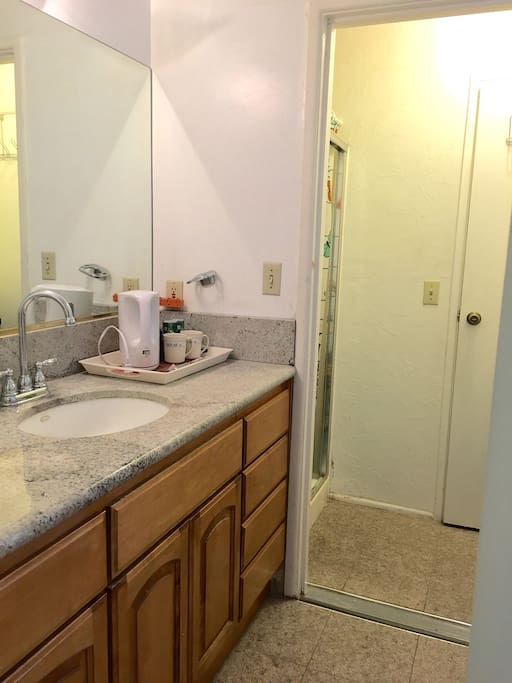 8’ x 6’ bathroom with all bath accessories such as hair dryer, shampoo, bath gel, towels,etc. for your use. 寬大的浴室並附有各項梳洗用品讓您使用,如牙刷牙膏,浴巾浴帽肥皂,洗髮精,吹風機等,讓您有賓至如歸的感受。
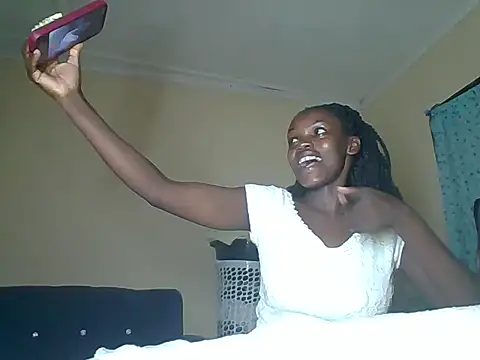 awino001 online show from 03-09-26, 10:25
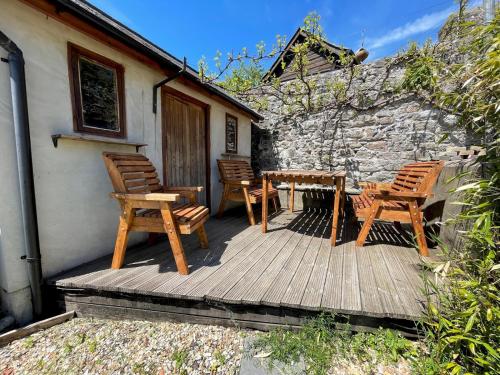 Pass the Keys Cosy & Stylish 2Bedroom cottage next to Cowbridge gîte à louer Penllyn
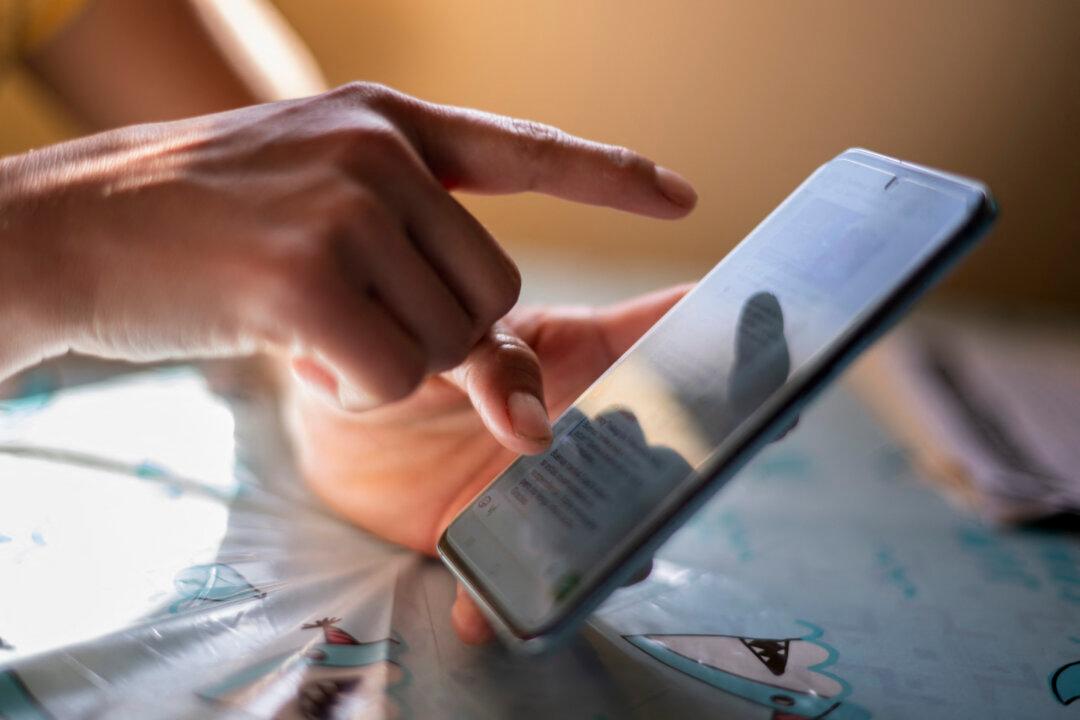 Warnings About Distressing Content Don’t Deter Young Adults, Study Finds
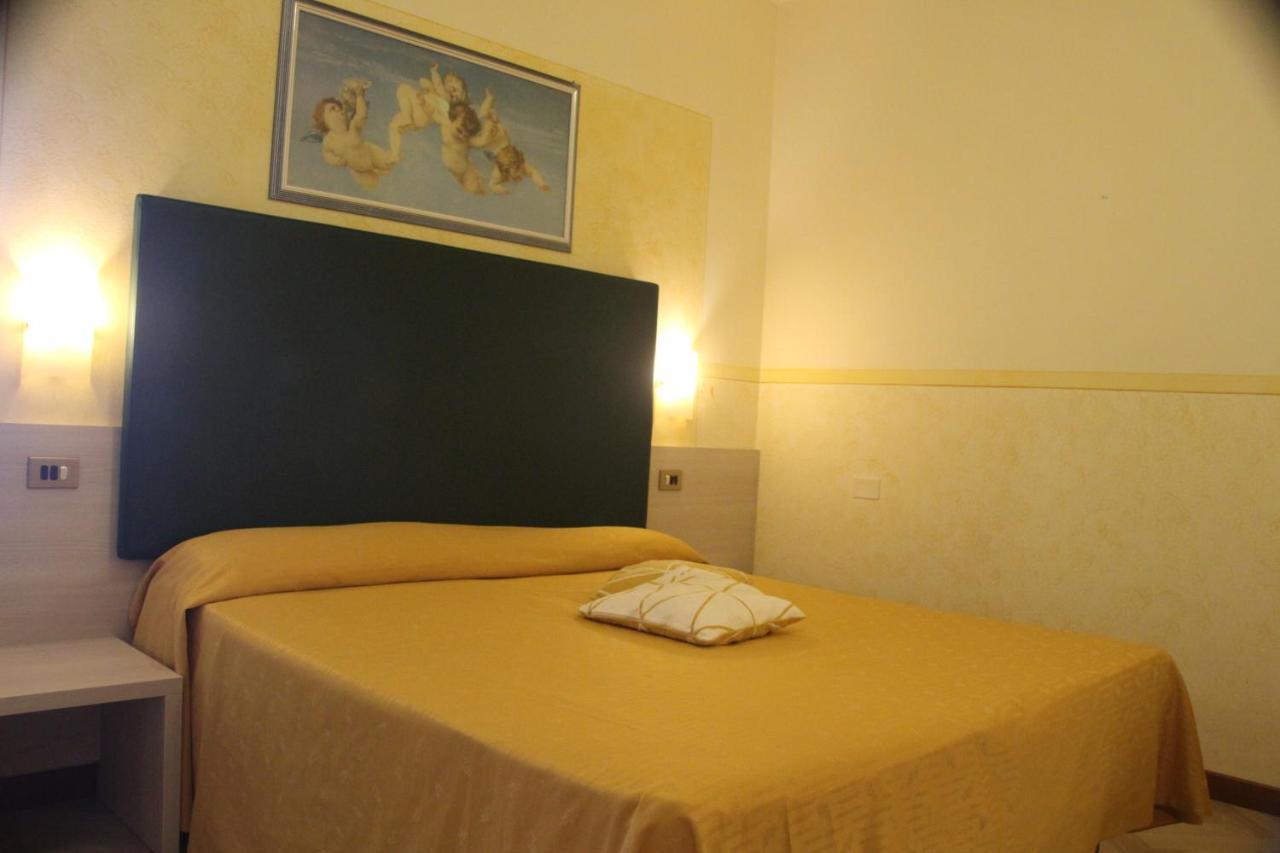 Albergo Sole San Zeno di Montagna Bagian luar foto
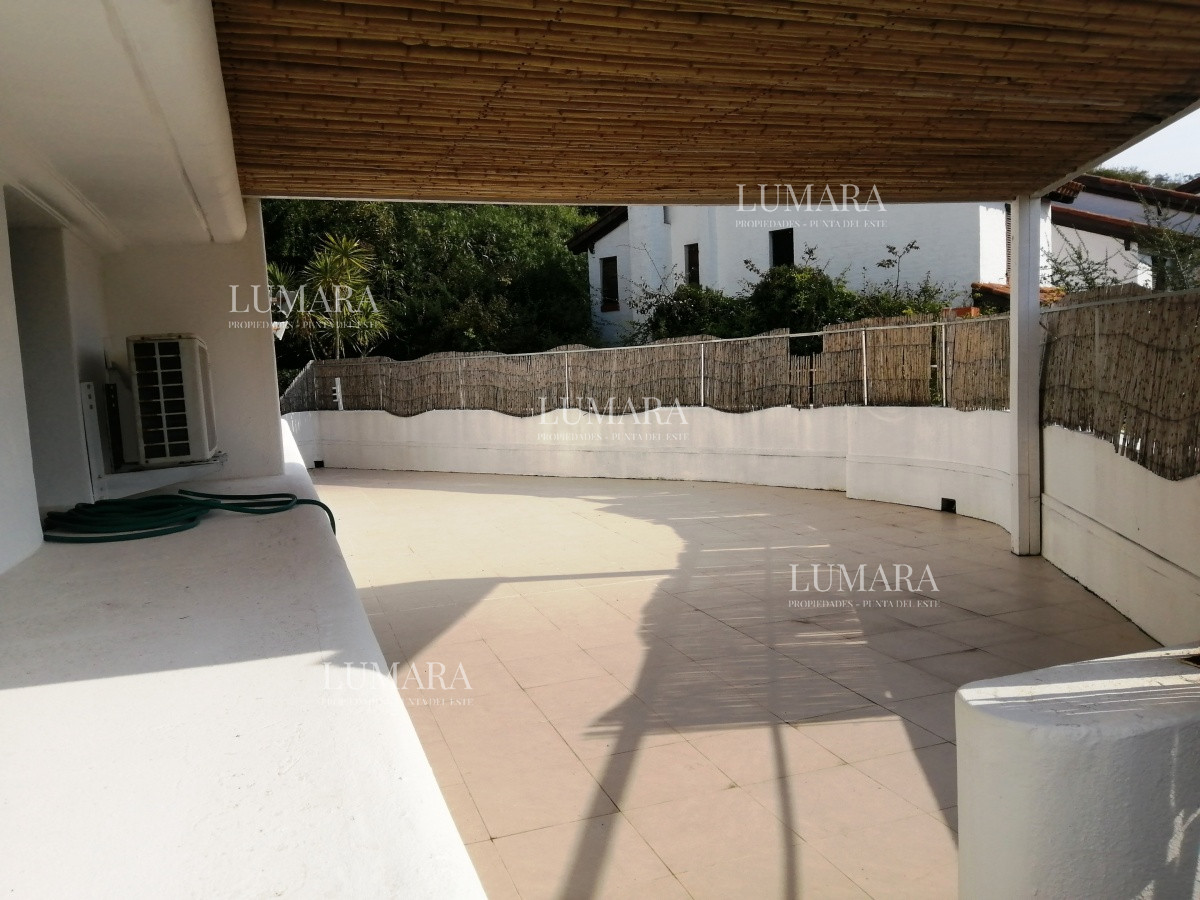 Apartamento ID.1136 - RINCON DEL INDIO A UNA CUADRA DE LA RAMBLA CON PARRILLERO PROPIO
====================
If a picture appears in the records, omit it and print everything else exactly.

Exercise result:
 8’ x 6’ bathroom with all bath accessories such as hair dryer, shampoo, bath gel, towels,etc. for your use. 寬大的浴室並附有各項梳洗用品讓您使用,如牙刷牙膏,浴巾浴帽肥皂,洗髮精,吹風機等,讓您有賓至如歸的感受。
 awino001 online show from 03-09-26, 10:25
 Pass the Keys Cosy & Stylish 2Bedroom cottage next to Cowbridge gîte à louer Penllyn
 Warnings About Distressing Content Don’t Deter Young Adults, Study Finds
 Albergo Sole San Zeno di Montagna Bagian luar foto
 Apartamento ID.1136 - RINCON DEL INDIO A UNA CUADRA DE LA RAMBLA CON PARRILLERO PROPIO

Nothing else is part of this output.